I have now compiled instead with
 mpiifort -mcmodel=medium    -m64 -ilp64   -mkl=cluster  -o para.exe  solve_by_lu_parallelmpi_simple_light2.for

but unfortunately seem to get  a similar  error (again the error occurs somewhere within the call to PDGESV):


WE ARE SOLVING A SYSTEM OF        94423  LINEAR EQUATIONS
 PROC:            0           0 HAS  MLOC, NLOC =       47223       47223
 PROC:            0           0  ALLOCATING SPACE ...
 PROC:            0           1 HAS  MLOC, NLOC =       47223       47200
 PROC:            0           1  ALLOCATING SPACE ...
 PROC:            1           0 HAS  MLOC, NLOC =       47200       47223
 PROC:            1           0  ALLOCATING SPACE ...
 PROC:            1           1 HAS  MLOC, NLOC =       47200       47200
 PROC:            1           1  ALLOCATING SPACE ...
 PROC:            1           0  CONSTRUCTING MATRIX A AND RHS VECTOR B ...
 PROC:            1           1  CONSTRUCTING MATRIX A AND RHS VECTOR B ...
 PROC:            0           0  CONSTRUCTING MATRIX A AND RHS VECTOR B ...
 PROC:            0           1  CONSTRUCTING MATRIX A AND RHS VECTOR B ...
 PROC:            0           0
 NOW SOLVING SYSTEM AX = B USING SCALAPACK PDGESV ..
 PROC:            0           1
 NOW SOLVING SYSTEM AX = B USING SCALAPACK PDGESV ..
 PROC:            1           1
 NOW SOLVING SYSTEM AX = B USING SCALAPACK PDGESV ..
 PROC:            1           0
 NOW SOLVING SYSTEM AX = B USING SCALAPACK PDGESV ..
forrtl: 致命的なエラー (154): 配列インデックスが境界外です。
Image              PC                Routine            Line        Source             
libifcore.so.5     00002B009E4AC9AF  for__signal_handl     Unknown  Unknown
libpthread-2.17.s  00002B009E01E5D0  Unknown               Unknown  Unknown
libmkl_avx512.so   00002B04D38E0A47  mkl_blas_avx512_x     Unknown  Unknown
libmkl_intel_lp64  00002B0095A41B55  dger_                 Unknown  Unknown
libmkl_scalapack_  00002B0096B4D2AE  pdger_                Unknown  Unknown
libmkl_scalapack_  00002B0096A09541  pdgetf3_              Unknown  Unknown
libmkl_scalapack_  00002B0096A09688  pdgetf3_              Unknown  Unknown
libmkl_scalapack_  00002B00967E413B  pdgetf2_              Unknown  Unknown
libmkl_scalapack_  00002B00967E4836  pdgetrf2_             Unknown  Unknown
libmkl_scalapack_  00002B0096BCAF6E  pdgetrf_              Unknown  Unknown
libmkl_scalapack_  00002B00967DFC7D  pdgesv_               Unknown  Unknown
para.exe           0000000000401F9C  Unknown               Unknown  Unknown
para.exe           00000000004011CE  Unknown               Unknown  Unknown
libc-2.17.so       00002B00A0BE73D5  __libc_start_main     Unknown  Unknown
para.exe           00000000004010D9  Unknown               Unknown  Unknown

 

Gennady_F_Intel
Moderator
81 Views

this is not exactly what I mean when asked to check if the problem exists with ilp64 API. Please take a look whet mkl linker adviser will suggest how to properly link with ilp64 cases.

daren__wall
Beginner
81 Views

Many thanks for your suggestion re: the mkl link adviser.
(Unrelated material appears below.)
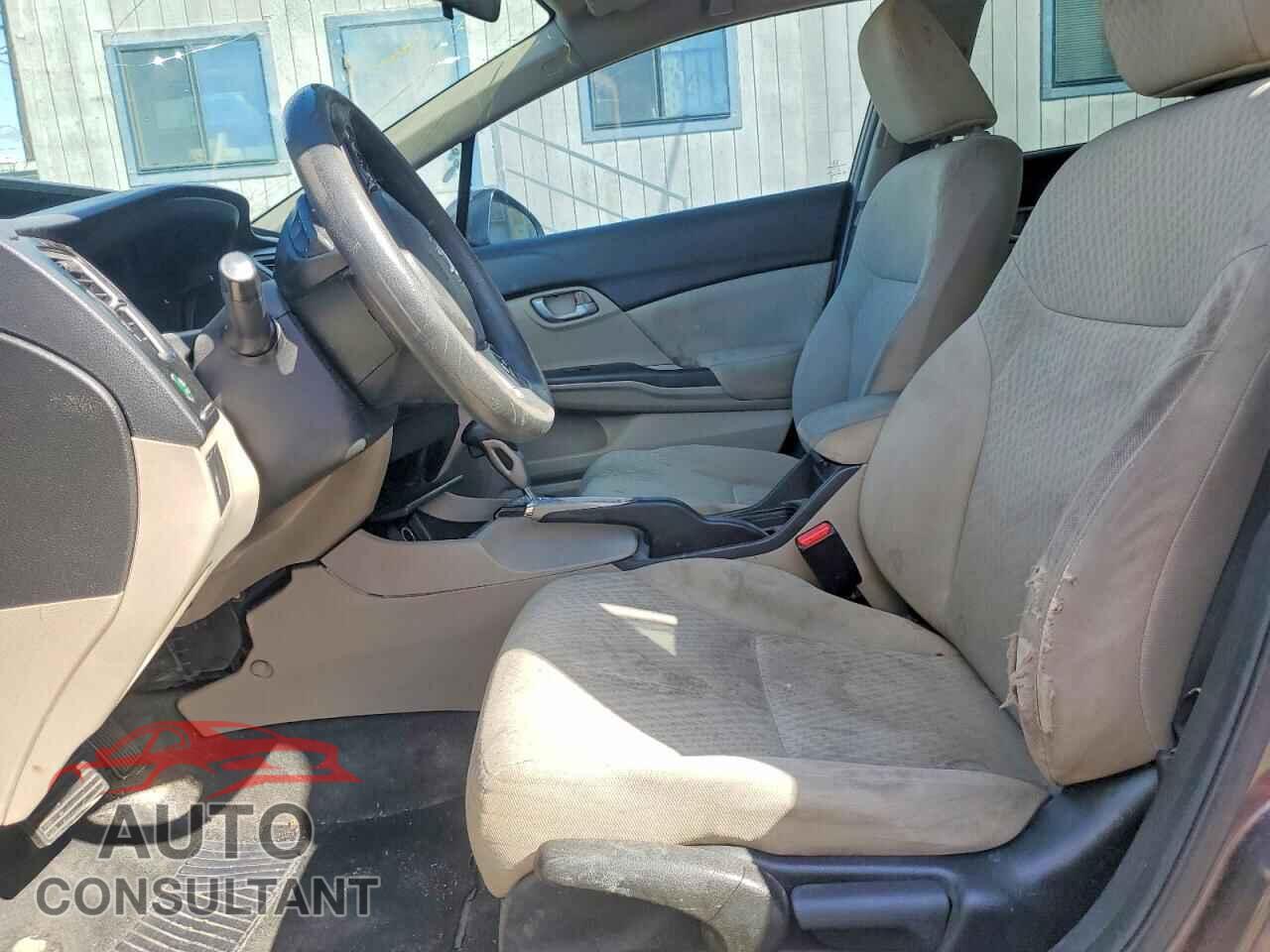 HONDA CIVIC 2015 - 2HGFB2F51FH524203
There were a few possible choices of how to link the code; I had an idea that dynamic linking with

openMP threading may be the best option, but I compiled and executed a number of possible options (10 in all).

The good news I can report is that actually all ten choices listed below led to successful execution ; problem solved!

I write the actual compilation commands below along with the execution wall time in case they should be 

of interest to other programmers.  The conclusions are that openMP (unsurprisingly) offers a significant speedup over sequential ,

 a dynamically linked code will slightly outperform a statically linked code all other options being the same.

For those  intending to call PDGESV from their codes, I believe the fortran program attached above makes a good compact scalable test program, please use it freely. 

Many thanks once again for you assistance, it is much appreciated. Perhaps you could offer a concise sentence

just to explain why the different linking options used below, as suggested by the link adviser, led to a resolution of the problem

- is it fair to say it was a large integer problem ?

---------------------------------------------------------------------------------

Compilation and execution times (using intel compiler version 18.3):

[1]   (we add -mcmodel=medium to the link adviser suggestion, dynamic linking, openmp and explicit linking to mkl )

Execution wall clock time: 18 mins  5 secs
 mpiifort -mcmodel=medium      -i8 -I${MKLROOT}/include  -L${MKLROOT}/lib/intel64 -lmkl_scalapack_ilp64 -lmkl_intel_ilp64 -lmkl_intel_thread -lmkl_core -lmkl_blacs_intelmpi_ilp64 -liomp5 -lpthread -lm -ldl  -o para01.exe  solve_by_lu_parallelmpi_simple_light2.for     -L${MKLROOT}/lib/intel64 -lmkl_scalapack_ilp64 -lmkl_intel_ilp64 -lmkl_intel_thread -lmkl_core -lmkl_blacs_intelmpi_ilp64 -liomp5 -lpthread -lm -ldl

 

[2]  (we  add mcmodel and m64; dynamic linking , openmp and explicit linking to mkl )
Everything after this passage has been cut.